2つ目の課題は「自分自身の購買行動を振り返って、非補償型での購買に至るケースと、補償型で購買に至るケースの両方を取り上げ、それぞれを説明してください。」という課題です。ここで非常に興味深かった4班の発表内容を取り上げます。4班は購買の仕方はその時の環境・状況また商品の価格によって使い分けるというものでした。わたしはこの考えがありませんでした。しかし自身の購買行動を振り返ると心当たりがありました。そのためとても興味深かったです。

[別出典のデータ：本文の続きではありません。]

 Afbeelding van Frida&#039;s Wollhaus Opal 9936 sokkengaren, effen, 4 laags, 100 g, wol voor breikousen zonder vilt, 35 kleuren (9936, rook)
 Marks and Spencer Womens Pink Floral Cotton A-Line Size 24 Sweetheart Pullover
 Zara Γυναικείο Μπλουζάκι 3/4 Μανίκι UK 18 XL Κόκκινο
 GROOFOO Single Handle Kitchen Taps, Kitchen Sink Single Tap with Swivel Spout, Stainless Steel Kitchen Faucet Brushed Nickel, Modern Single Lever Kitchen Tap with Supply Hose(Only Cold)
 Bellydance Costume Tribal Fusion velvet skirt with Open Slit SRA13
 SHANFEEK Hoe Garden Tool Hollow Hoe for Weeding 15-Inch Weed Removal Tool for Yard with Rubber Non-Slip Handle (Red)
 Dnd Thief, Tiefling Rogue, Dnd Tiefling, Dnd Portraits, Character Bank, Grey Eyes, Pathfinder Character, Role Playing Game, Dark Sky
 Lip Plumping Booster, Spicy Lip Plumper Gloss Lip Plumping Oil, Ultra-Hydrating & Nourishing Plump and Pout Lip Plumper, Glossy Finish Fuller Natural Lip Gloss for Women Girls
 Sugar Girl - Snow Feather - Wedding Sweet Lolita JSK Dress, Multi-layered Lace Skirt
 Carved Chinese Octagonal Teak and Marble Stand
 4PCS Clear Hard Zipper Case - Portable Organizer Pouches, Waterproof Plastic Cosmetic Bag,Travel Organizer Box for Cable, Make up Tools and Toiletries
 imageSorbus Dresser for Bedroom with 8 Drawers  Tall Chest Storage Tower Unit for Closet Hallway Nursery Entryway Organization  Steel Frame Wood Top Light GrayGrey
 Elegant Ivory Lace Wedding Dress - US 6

後半は山田・池内(2018)の教科書の8章「雰囲気で買ってしまう?」について学びました。第2節では「良い気分・悪い気分が商品に与える影響」について、第3節では「恐怖感情・ユーモア感情」について、最後の第4節では「主観的感覚は商品評価にどう影響するか」という内容です。第2節はユニット間の関係性の法則(入山章栄 2019『世界標準の経営理論』ダイヤモンド社、p.749)でいえば、モデレーティング(調整)効果のことです。つまり、商品が評価判断に与える効果について、調整効果である感情が影響を及ぼしている、ということです。この感情というのは、具体的にはネガティブ or ポジティブのことです。感情状態がポジティブな方が商品に対する好感度が高く、また商品やサービスについてよく考える程度が低くなるといった実験結果がでました。第3節は恐怖コミュニケーションの効果に影響を与える要因が以下の3つあります。すなわち、①受け手のもともとの態度、②脅威への対処として提案される方法の効果の程度、③商品に対する消費者の関与度の程度、です。それぞれユニット間の関係性の法則(入山章栄 2019)でいえば、第2節と同じモデレーティング(調整)効果になります。基恐怖感情を含むメッセージが評価に与える影響について、調整効果として①受け手の態度、②脅威への対処方法、③関与になります。このなかで、③の商品に対する消費者の関与の程度に関する調整効果を取り上げます。商品に対する関与度が高いと知識があるため恐怖を感じやすく、購入意図が高くなります。ゼミ内の議論でこの研究に対する批判的な意見として、関与が低い(知識がない)消費者の方が恐怖コミュニケーションの効果が期待できるのではないかといった意見が議論のなかで出てきました。

来週からは対面でのゼミが始まります。少し緊張しますが精一杯取り組んで行きたいです。